This is already a pretty trendy philosophy in 2019. Organizing consultant Marie Kondo taught us how to tidy up and say goodbye to things that no longer spark joy in our lives. However, Caylor’s focus is directed on clothing consumption, sustainability and the circular economy surrounding it. Caylor is the cofounder of For Days, an 100% organic T-shirt line designed to empower customers.
“THIS IS NOT A T-SHIRT” is written in all caps on the landing page of the For Days website. Rather, it’s part of a lifetime membership-based model that aims to eliminate landfill waste. I got the chance to chat with Caylor about how she is changing the fashion conversation from the top down, the power that a closed loop system has on clothing and how consumers are fully empowered to accumulate impact over closet clutter.
Deborah Sweeney: Did you have a fashion background prior to cofounding For Days?

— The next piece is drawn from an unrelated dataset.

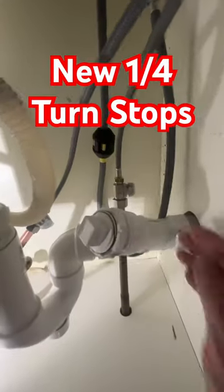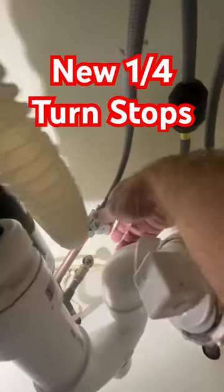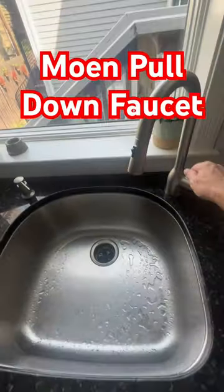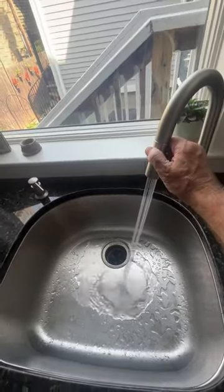Before we installed the new faucet, we installed these new quarter-turn stop valves. These are a brass craft valve — basically a miniature ball valve for the water shutoff. They don't have that annoying little rubber washer that always causes leaks in old-style multi-turn valves.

Kristy Caylor: I’ve been in the industry for close to 15 years and having both an engineering and creative background, have always approached the industry holistically. After business school, I went to the Gap brands, where I launched and grew various businesses in the United States and Asia markets. While I was living in Japan, I spent time in our factories and was deeply impacted by the magnitude of our production. We were just making so much stuff. The social and environmental repercussions were clear and I couldn’t believe how disconnected I was. I felt strongly that if I had this reaction, in time, customers would as well.
When I came back from Japan I took over Product (RED) for Gap to try and do more with my skill set. (RED) was really the first of its kind: a product-driven, mission-oriented business. What struck me was that we were making millions of T-shirts in China to help the cause of AIDs in Africa, and I thought ‘Why aren’t we making all of our T-shirts in Africa to help Africa?’ From that point forward, I was convinced that we should question the status quo and move our industry forward more rapidly than we were. I left Gap and cofounded the luxury brand Maiyet in 2010. At that time, fashion and positive impact were in perceived opposition. I felt we needed to change that conversation from the top down and the most effective approach would be to compete at the highest levels of aesthetics. We set up a global artisan supply chain in 14 different communities throughout the world and sold to luxury department stores like Barneys, Neiman Marcus and Saks Fifth Avenue.

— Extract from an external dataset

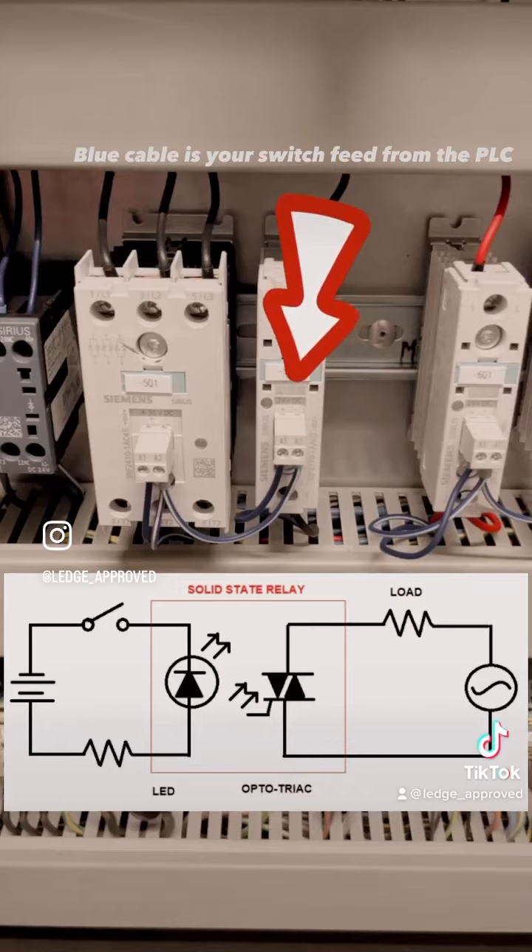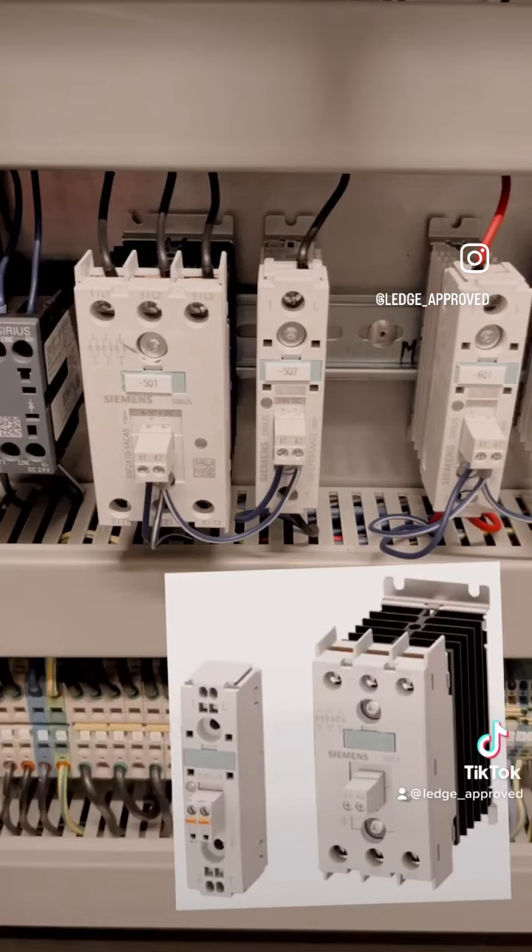Also, this can help with increased speed of switching, because obviously with heaters you don't want them on all the time — you want it pulsating so you don't skyrocket. And then also with the lifetime and span of the actual component itself.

The integration of message, product, and experience resonated and we succeeded in setting a new tone in fashion. However, the dependency on the wholesale model was difficult, especially for such a small brand. With markdowns and returns, I was still making too much stuff. I was convinced that we needed a new model, something bigger with industry-wide implications. Something that empowered customers to change their relationship to their stuff. A model that aligned profit and sustainability incentives. At the highest level, For Days was my reaction to the question ‘What does the future of commerce look like?’ I set out to build it with Mary Saunders. She is my cofounder and longtime co-conspirator. She was on my first team at Banana Republic and then joined Maiyet after getting her MBA at Harvard Business School. She’s a brilliant operator and we are both deeply committed to changing the world.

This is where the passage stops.